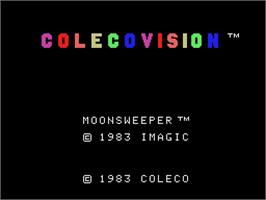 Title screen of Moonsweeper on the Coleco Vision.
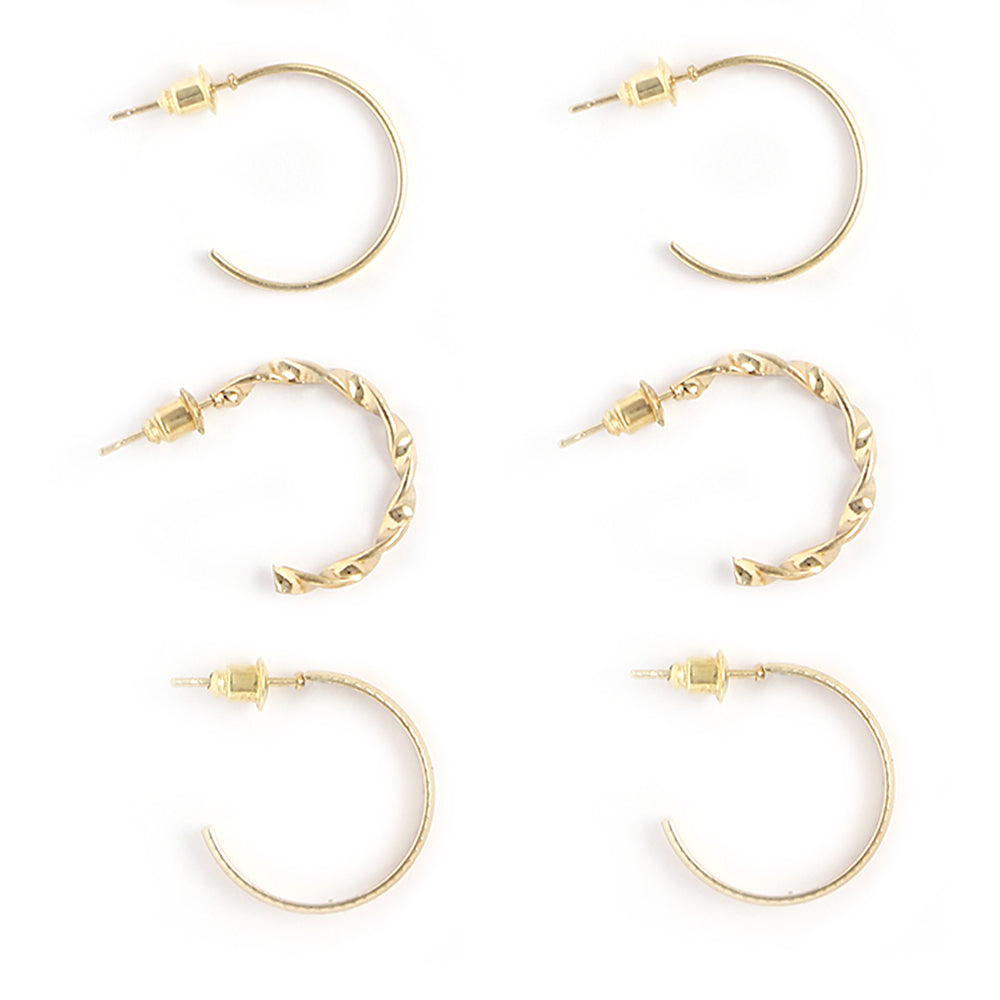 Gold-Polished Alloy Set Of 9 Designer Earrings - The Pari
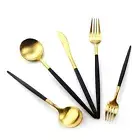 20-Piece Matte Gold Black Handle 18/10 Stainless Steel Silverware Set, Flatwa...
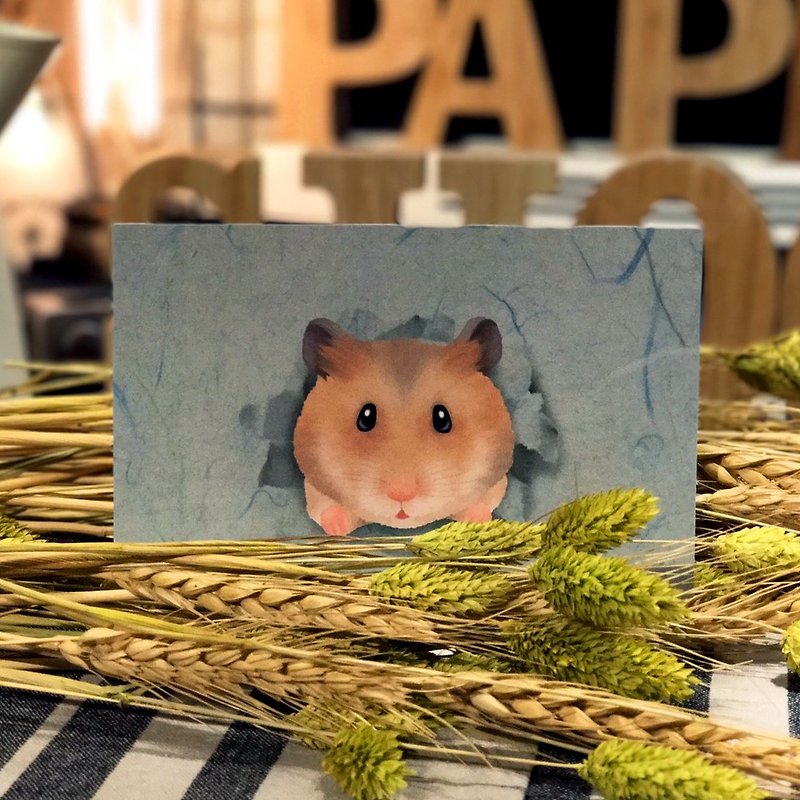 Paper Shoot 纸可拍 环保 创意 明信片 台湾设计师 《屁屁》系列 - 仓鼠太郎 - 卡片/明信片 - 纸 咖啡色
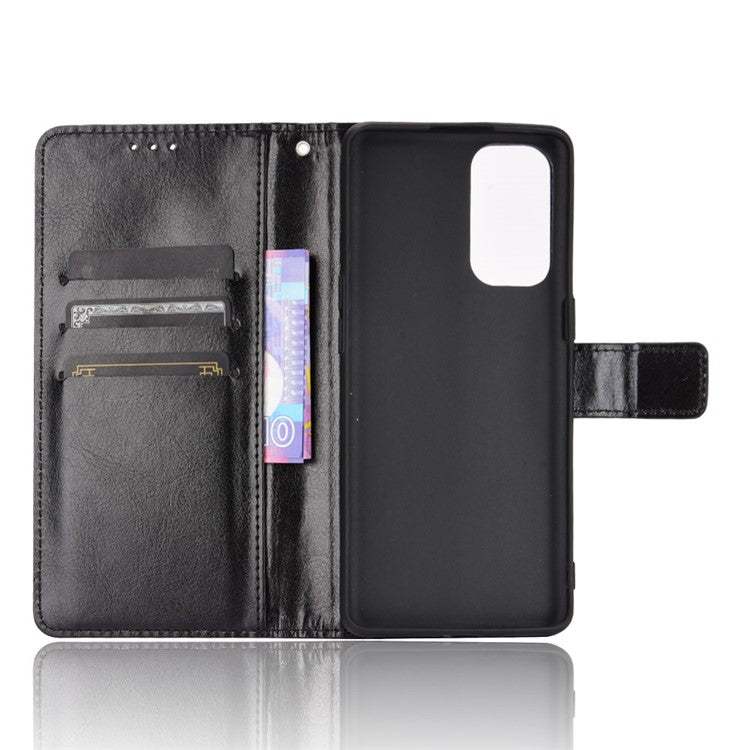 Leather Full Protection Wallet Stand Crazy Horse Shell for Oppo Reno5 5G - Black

**Exercise objective**: Only the lines from the one containing "Paper Shoot 纸可拍" through the last line of the entries above, both included, belong in the answer, written out exactly; pictures do not.

**Solution for this problem**:
 Paper Shoot 纸可拍 环保 创意 明信片 台湾设计师 《屁屁》系列 - 仓鼠太郎 - 卡片/明信片 - 纸 咖啡色
 Leather Full Protection Wallet Stand Crazy Horse Shell for Oppo Reno5 5G - Black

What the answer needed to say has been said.